Copy the lines below, please, starting with the one that contains "Nativity coloring page" and ending with the last. Pictures stay out.

AVAILABLE DATA:
--------------------------------------------------

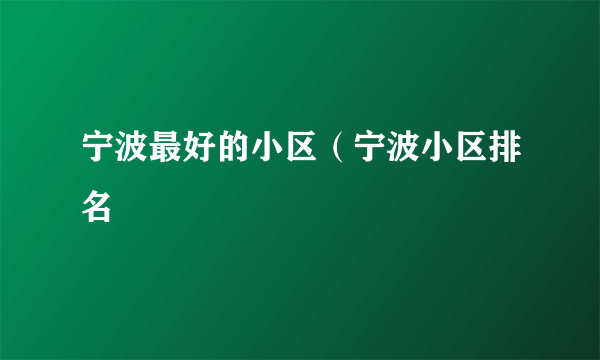 宁波最好的小区（宁波小区排名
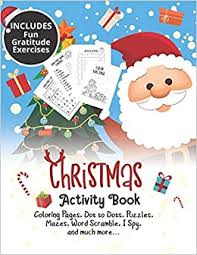 Nativity coloring page by hope ink. Buy Christmas Coloring Book Activity Book For Kids Coloring Pages Dot To Dots Puzzles Mazes Word Scramble I Spy Gratitude Exercises Christmas Books Book Online At Low Prices In India Christmas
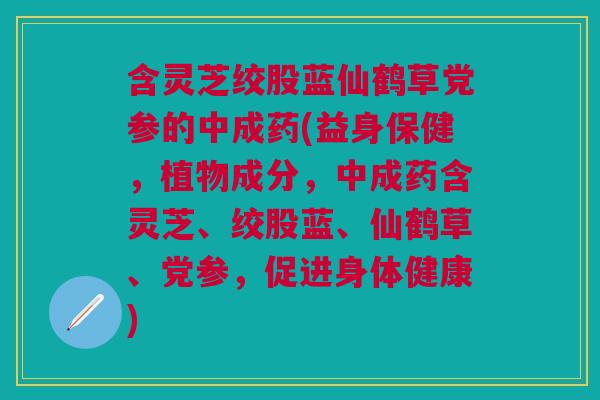 含灵芝绞股蓝仙鹤草党参的中成药(益身保健，植物成分，中成药含灵芝、绞股蓝、仙鹤草、党参，促进身体健康)
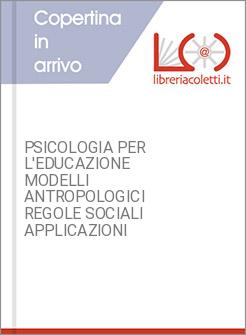 PSICOLOGIA PER L'EDUCAZIONE MODELLI ANTROPOLOGICI REGOLE SOCIALI APPLICAZIONI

--------------------------------------------------

ANSWER SPACE:
 Nativity coloring page by hope ink. Buy Christmas Coloring Book Activity Book For Kids Coloring Pages Dot To Dots Puzzles Mazes Word Scramble I Spy Gratitude Exercises Christmas Books Book Online At Low Prices In India Christmas
 含灵芝绞股蓝仙鹤草党参的中成药(益身保健，植物成分，中成药含灵芝、绞股蓝、仙鹤草、党参，促进身体健康)
 PSICOLOGIA PER L'EDUCAZIONE MODELLI ANTROPOLOGICI REGOLE SOCIALI APPLICAZIONI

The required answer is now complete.